The FOB policy contract requires some more initiatives on the part of the merchandise seller. The seller needs to undertake to put the merchandise on board of the ship requested by the buyer under the contract. All charges, including goods delivery have to be borne by the seller. On the other hand, the buyer bears all resulting charges including stowage, freight, insurance, import duties, etc. The seller needs to obtain the export licenses and the proof of delivery is given to the buyer or his agent once the shipment is unloaded at the ports.


Seller’s Interest Insurance

The seller’s interest insurance policy covers the physical loss of or damage to the insured consignment, in accordance with the terms and conditions of the policy for protecting the interests of the insured. Seller’s interest insurance cannot be assigned to any other person who acquires the insurable interest of property insured except a banker operating in India.

Other assignments shall render the policy as void. The insurance policy warrants that the insured shall not alter the terms of the sale contract relating to goods insured for the purpose of securing indemnity under the policy. It also warrants that the insured shall protect all contractual rights against buyers, carriers, and other parties involved in the trade of goods covered under the policy.
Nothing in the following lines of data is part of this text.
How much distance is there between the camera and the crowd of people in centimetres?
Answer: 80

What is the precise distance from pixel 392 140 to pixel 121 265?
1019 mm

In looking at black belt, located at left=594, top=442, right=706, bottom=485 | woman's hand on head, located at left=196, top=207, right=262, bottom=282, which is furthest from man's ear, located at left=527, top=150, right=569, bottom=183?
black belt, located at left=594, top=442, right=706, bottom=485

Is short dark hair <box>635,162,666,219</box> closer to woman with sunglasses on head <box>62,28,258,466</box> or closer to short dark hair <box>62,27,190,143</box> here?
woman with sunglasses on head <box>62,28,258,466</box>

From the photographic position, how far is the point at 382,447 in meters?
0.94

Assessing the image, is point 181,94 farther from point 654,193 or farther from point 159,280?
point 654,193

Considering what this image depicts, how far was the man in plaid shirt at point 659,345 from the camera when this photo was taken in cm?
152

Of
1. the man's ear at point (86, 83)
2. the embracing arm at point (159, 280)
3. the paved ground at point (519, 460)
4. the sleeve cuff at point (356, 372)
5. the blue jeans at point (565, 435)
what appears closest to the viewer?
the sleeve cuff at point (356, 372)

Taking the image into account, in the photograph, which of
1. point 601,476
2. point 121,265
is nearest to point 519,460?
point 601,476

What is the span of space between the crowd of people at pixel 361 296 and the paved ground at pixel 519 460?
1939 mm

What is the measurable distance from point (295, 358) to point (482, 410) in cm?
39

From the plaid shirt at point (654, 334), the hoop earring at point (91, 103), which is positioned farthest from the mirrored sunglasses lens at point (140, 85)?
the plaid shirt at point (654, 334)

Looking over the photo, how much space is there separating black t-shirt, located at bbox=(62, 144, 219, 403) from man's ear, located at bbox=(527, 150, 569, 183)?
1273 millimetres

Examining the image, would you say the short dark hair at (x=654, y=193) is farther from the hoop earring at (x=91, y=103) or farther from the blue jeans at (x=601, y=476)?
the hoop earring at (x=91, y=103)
No claim shall be payable if either the named insured or the buyer of the insured goods is entitled to indemnification under any other policy (in existence) covering the same goods. The claims made under the policy, if any, are payable in the Indian denomination only. This policy does not include risks covered or which are insurable by the Export Credit Guarantee Corporation (ECGC).


Warranty

As per Section 32, 33 to 39 of the Marine Insurance Act, ‘warranty’ means a promissory warranty by which the insured:

  • Assumes that some particular thing will or will not be done or that some condition will be fulfilled; or

  • Affirms or negates the existence of specific facts.

A warranty may be classified into two types, which is listed in Figure:

Express Warranties

These are the statements of promises expressed clearly in the insurance policy. Express warranty ensures the trustworthiness of the policy to the insured. As per Section 33(1) of the Federal Marine Insurance Act (s. 36(1) of the B.C. Act), ‘an express warranty may be in any form of words from which the intention to warrant may be inferred.’
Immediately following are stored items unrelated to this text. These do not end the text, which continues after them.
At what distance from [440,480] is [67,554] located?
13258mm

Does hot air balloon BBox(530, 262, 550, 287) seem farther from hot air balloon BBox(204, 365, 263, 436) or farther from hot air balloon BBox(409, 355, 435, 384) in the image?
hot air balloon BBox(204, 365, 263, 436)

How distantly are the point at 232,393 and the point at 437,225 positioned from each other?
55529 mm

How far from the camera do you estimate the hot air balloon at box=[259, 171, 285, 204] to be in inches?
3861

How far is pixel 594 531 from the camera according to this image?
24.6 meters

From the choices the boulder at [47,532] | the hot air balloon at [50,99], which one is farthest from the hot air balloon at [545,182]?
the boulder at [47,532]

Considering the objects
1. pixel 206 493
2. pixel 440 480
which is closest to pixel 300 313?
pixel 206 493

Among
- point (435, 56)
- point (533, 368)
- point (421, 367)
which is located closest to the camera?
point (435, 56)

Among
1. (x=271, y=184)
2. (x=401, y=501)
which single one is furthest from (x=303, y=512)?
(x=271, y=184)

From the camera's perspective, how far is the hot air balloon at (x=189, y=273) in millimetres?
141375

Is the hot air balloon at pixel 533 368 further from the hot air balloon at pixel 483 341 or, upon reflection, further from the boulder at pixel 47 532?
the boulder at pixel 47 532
This means that creating a warranty simply implies choosing the appropriate policy wording. However, a challenge lies in selecting the appropriate policy wording. In addition to this, several times even choosing the precise wording may not imply that a warranty has been created.

Implied Warranties

A warranty that is not explicitly expressed in the policy but is understood by the implication of the law. The implied warranties set out in the Act are as follows:

Warranty of Legality (Section 34 Federal Act)
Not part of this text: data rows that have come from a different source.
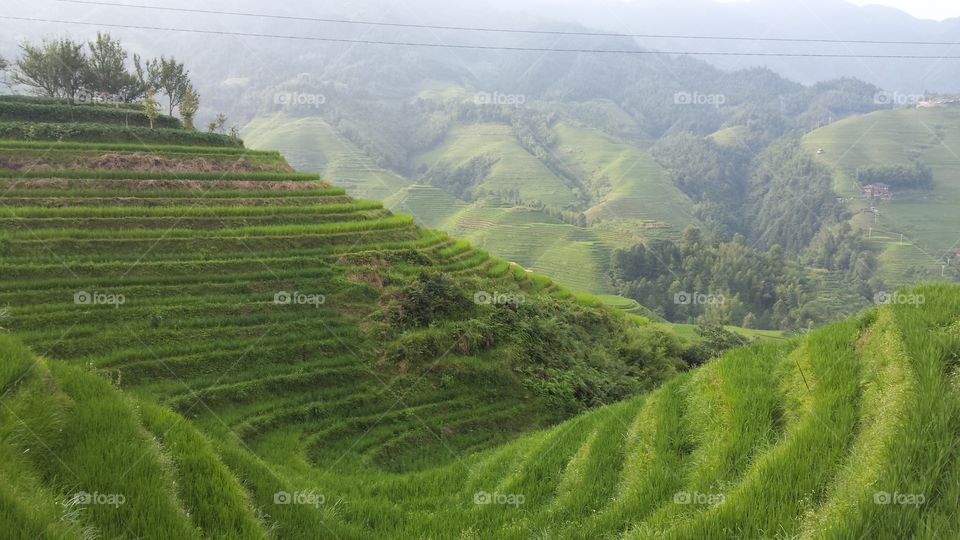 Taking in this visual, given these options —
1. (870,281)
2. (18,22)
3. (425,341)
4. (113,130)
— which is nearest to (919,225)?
(870,281)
There is an implied warranty that the voyage insured is legal and that so far as assured can regulate it, the voyage would be carried out in a lawful manner. An express warranty of legality has precedence over the implied warranty to the extent that the two are inconsistent.

Warranty of Seaworthiness (Section 37 Federal Act)

This refers to an implied warranty whereby at the commencement of the journey, the ship would be seaworthy for the purpose of a particular voyage. Accordingly, a ship is considered as seaworthy if it reasonably fits in all aspects to face the ordinary perils of the sea. In a marine insurance policy, the insurer is required to only prove that the ship was unseaworthy at the commencement of the journey.

Warranty of Neutrality (Section 36 Federal Act)

The warranty of neutrality is not specifically an implied warranty because it applies only in case of an express warranty of neutrality with respect to insurable property. It only defines the limits of the scope of the express warranty of neutrality.

Section 33(3) Federal Act states that ‘the implied warranties of seaworthiness and legality are, however, true implied warranties in that there existence is assumed at law and they will form part of any contract of marine insurance unless inconsistent with an express warranty.’